Camomille vraie,   Matricaria chamomilla

Petites rosettes de feuilles découpées plaquées sur le sol donneront des fleurs de Camomille bonnes pour la digestion.

Céleri à découper,  Apium graveolens var. secalinum
Cette plante est bisannuelle, les feuilles vertes pennées sont tendres. Elle est diurétique et détoxifiante. Un seul plant, le céleri aime l’eau.

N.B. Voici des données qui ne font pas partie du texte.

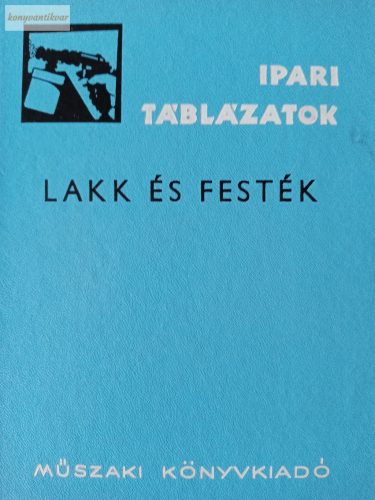 Tajthy Károly: Lakk és festék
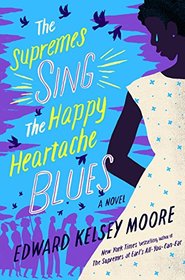 The Supremes Sing the Happy Heartache Blues (Supremes, Bk 2)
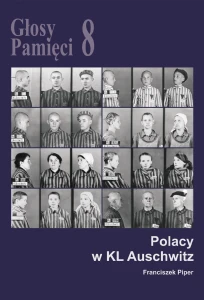 F. Piper - Głosy Pamięci 8. Polacy w KL Auschwitz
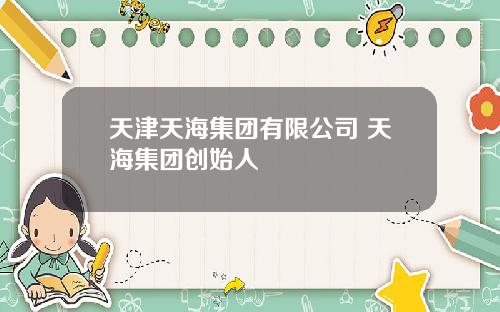 天津天海集团有限公司 天海集团创始人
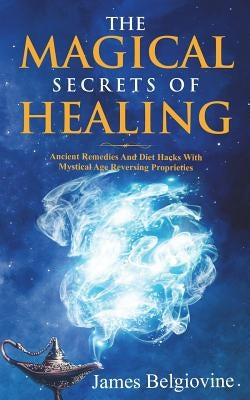 The Magical Secrets Of Healing: Ancient Remedies and Diet Hacks with Mystical Age Reversing Properties by Belgiovine, James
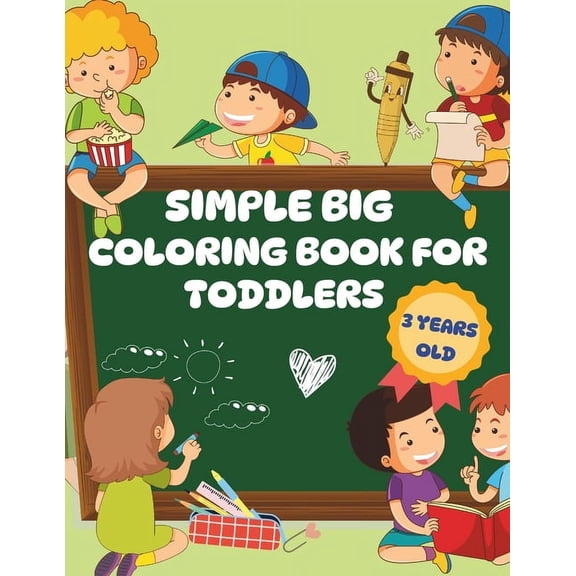 Simple Big Coloring Book For Toddlers 3 Years Old: Easy Coloring Activities for 3 Year Old Children, Stimulates Creativi, (Paperback)
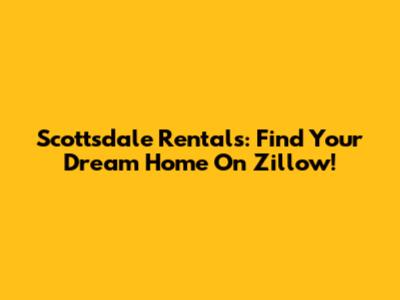 Scottsdale Rentals: Find Your Dream Home On Zillow!
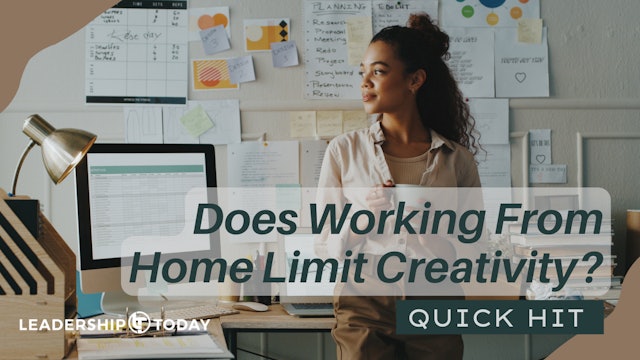 Quick Hit - Does Working From Home Limit Creativity?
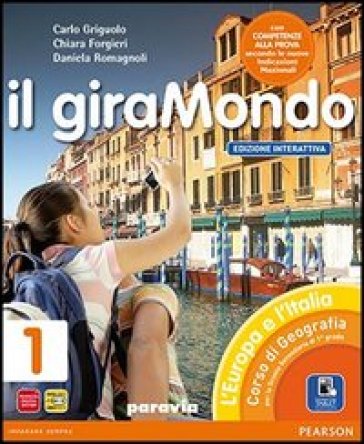 Giramondo. Con Atlante-Regioni. Ediz. interattiva. Per la Scuola media. Con e-book. Con espansione online. 1. - Griguolo - Romagnoli - Forgieri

Fenouil,  et Fenouil bronze, Foeniculum vulgare 

Un magnifique pied de fenouil avec une touffe de feuilles finement découpées, ces dernières froissées diffusent un parfum anisé. Il est apéritif, soulage les voies respiratoires. Il y a aussi un fenouil bronze Foeniculum vulgare ‘ Purpureum’ aux feuilles moins parfumées, la tisane en est plus délicate.  A l’automne il faut rabattre les tige à  25 cm du sol. Les feuilles fraîches ou sèches sont utilisées en tisane, aux propriétés apéritives, digestives,  soulagent les affections des voies respiratoires. Ce sont les fruits qui sont le plus utilisés.Il faut tailler les extrémités pour encourager les feuilles.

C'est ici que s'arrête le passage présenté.